Thompson has operated as the team’s general manager since 2005 and has been with the team through two stints since 1992. In his first NFL Draft, Thompson selected Aaron Rodgers with the 24th overall pick. Green Bay has been among the best teams in the draft since Thompson’s arrival, plucking stars like Clay Matthews and Jordy Nelson. Under Thompson’s watch, the team advanced to the playoffs nine times and won the Super Bowl in 2010. The Packers missed the postseason for the first time since 2008 when it finished 7-9 in 2017. He is expected to take on a new role in the organization, and director of college scouting Brian Gutekunst, director of football operations Eliot Wolf and vice president of football administration/player finance Russ Ball are all expected to vie for the general manager position.

While Joseph was rumored to only last one season as Broncos head coach, at the last minute team president John Elway decided to keep him but gut his current coaching staff. Offensive line coach Jeff Davidson, wide receivers coach Tyke Tolbert, running backs coach Eric Studesville, assistant defensive backs coach Johnnie Lynn, outside linebackers coach Fred Pagac, and special teams coordinator Brock Olivo were all let go on Monday.

A former Browns and Panthers offensive coordinator, Davidson will be on the move for a third straight offseason. He coached the Chargers’ O-line in 2016 under Mike McCoy, who also coached alongside Davidson in Carolina. The Broncos firing McCoy did not bode well for Davidson. The Broncos have not deployed a particularly good offensive line over the past three seasons. The unit’s undergone frequent changes in that span. Denver could well be searching for a new right tackle for the fifth straight season and may be in the market for a new left guard.

Studesville was the Broncos’ longest-tenured assistant and was the team’s interim coach after Josh McDaniels‘ tenure ended late in the 2010 season. Tolbert served as wideouts coach since the ’11 campaign, joining when John Fox‘s tenure began. Studesville declined an interview for the Jets’ OC vacancy last year and was fired despite the Broncos’ rushing attack climbing from the No. 27 to No. 12 between 2016 and ’17. This season marked the first since 2011 the Broncos didn’t have a 1,000-yard receiver.
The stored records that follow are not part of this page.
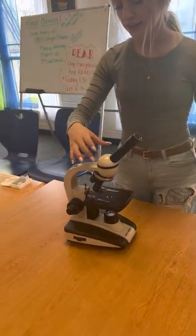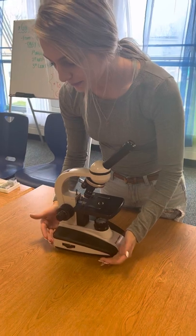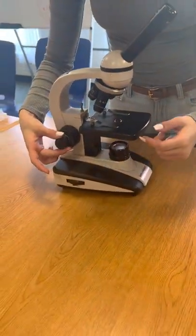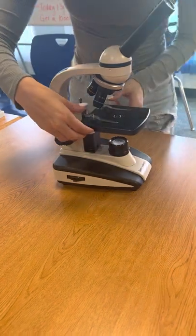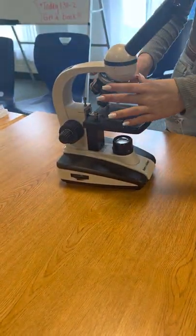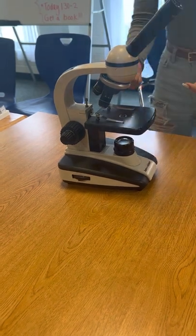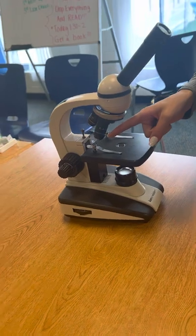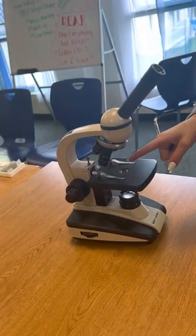This is the ocular lens, the head, the arm, the base, the light condenser, the coarse adjustment knob, the fine coarse adjustment knob, the mechanical stage, and the mechanical stage clips. This is the revolving nose piece. These are the objectives — the 4x objective, the 10x, and the 40x. This is the high power, the one I will be demonstrating today.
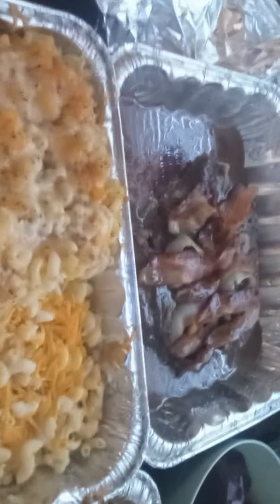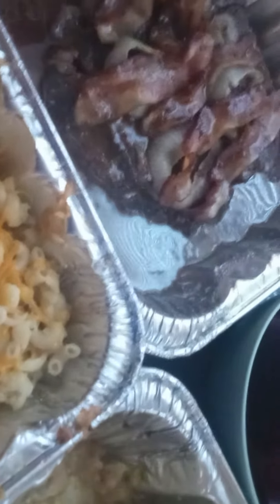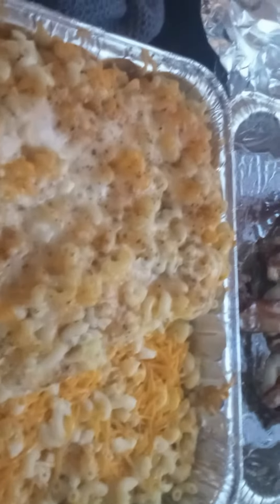I also have some cakes and pies in the refrigerator. So when I get back, I'm going to try to put the cakes and pies around the sides of the table. I got a couple of cakes and pies in there, but this turned out pretty well.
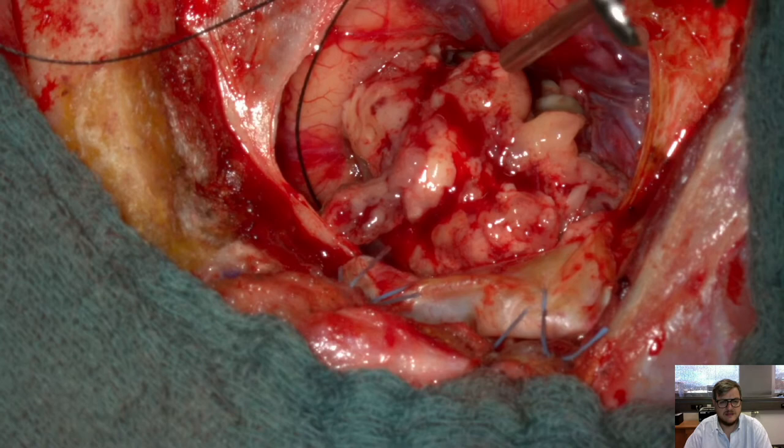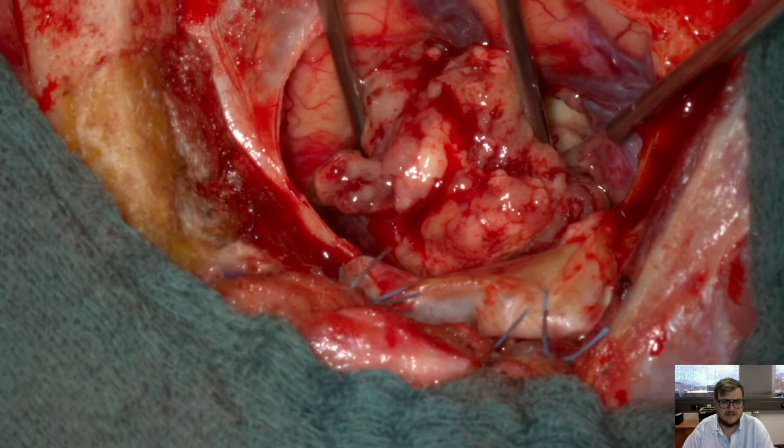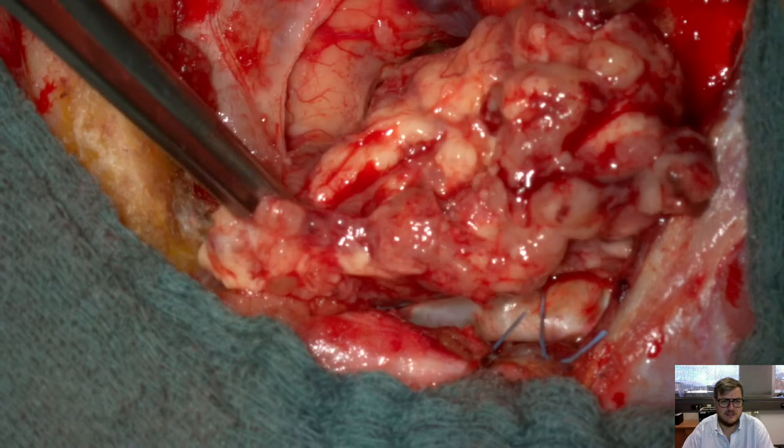Here you see the metastasis exposed. It's already circumferentially dissected. Let me show how we resect the remnants of the capsule from the more posterior part.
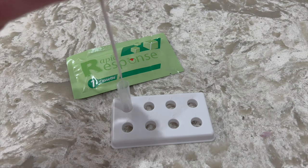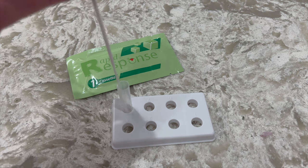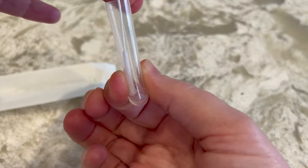After completing the swab of both nostrils, insert the swab into the extraction tube. Swirl the swab, mixing well, and squeeze the swab 10 to 15 times by compressing the walls of the tube against the swab.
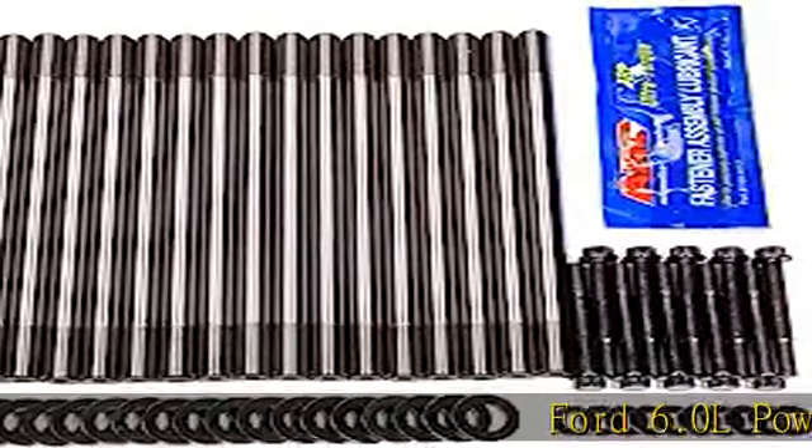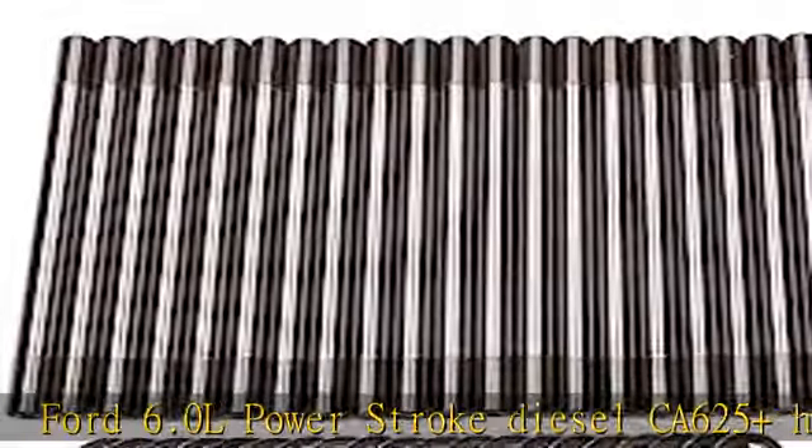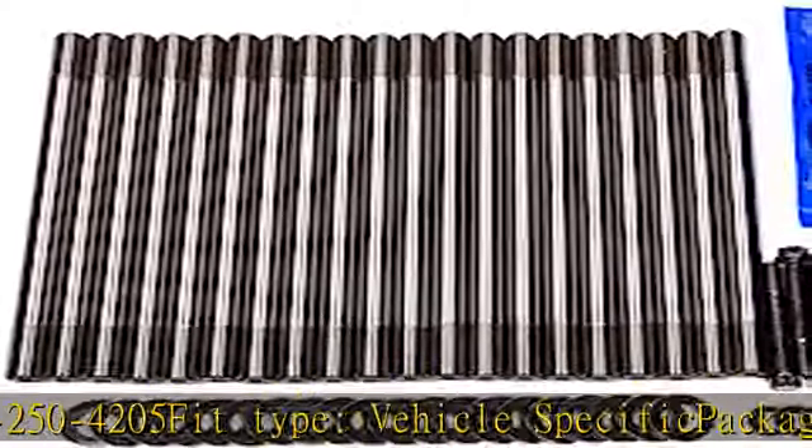Ford 6.0L Power Stroke diesel CA 625 plus head stud kit, part number ARP 250-4205, fit type vehicle specific. Package weight 6.441 kilogram. See more product details in the description to get this product today at the best price.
Studesville is already on several team’s short list to be their head coach, including the New York Giants.

Davidson and Olivo had been hired by Joseph last year. Tolbert was one of the Broncos’ most-tenured assistant coaches, having been on Fox’s first staff in Denver in 2011 as both Tolbert and Studesville were on the Broncos’ staff for Super Bowl XLVIII and Super Bowl 50. The changes reflect at least some of the struggles the Broncos had on offense as well as special teams that were the major catalysts in an eight-game losing streak this season, the team’s longest since 1967. Anderson, however, was one of nine running backs in the league to top 1,000 yards, something Anderson credited Studesville with since it was Studesville who helped Anderson retool his offseason workouts to include cycling.

The Broncos’ special teams were also a consistent problem all season, as opponents blocked two punts, kicker Brandon McManus missed eight field goals as five of those misses came in the first six weeks of the season, and wide receiver Isaiah McKenzie was demoted twice as the team’s punt returner because of fumbling problems. McKenzie muffed six punts this season. Olivo was in his first season as an NFL coordinator and before Joseph had hired him he had spent three seasons as an assistant to Kansas City Chiefs special teams coordinator Dave Toub. Toub, who interviewed for the Broncos’ head coaching job when Joseph was hired, is generally regarded as the top special teams coach in the league. The Broncos lost their season-finale to the Chiefs Sunday and just days before the loss Olivo had talked about facing his mentor after such a difficult season on special teams for the Broncos.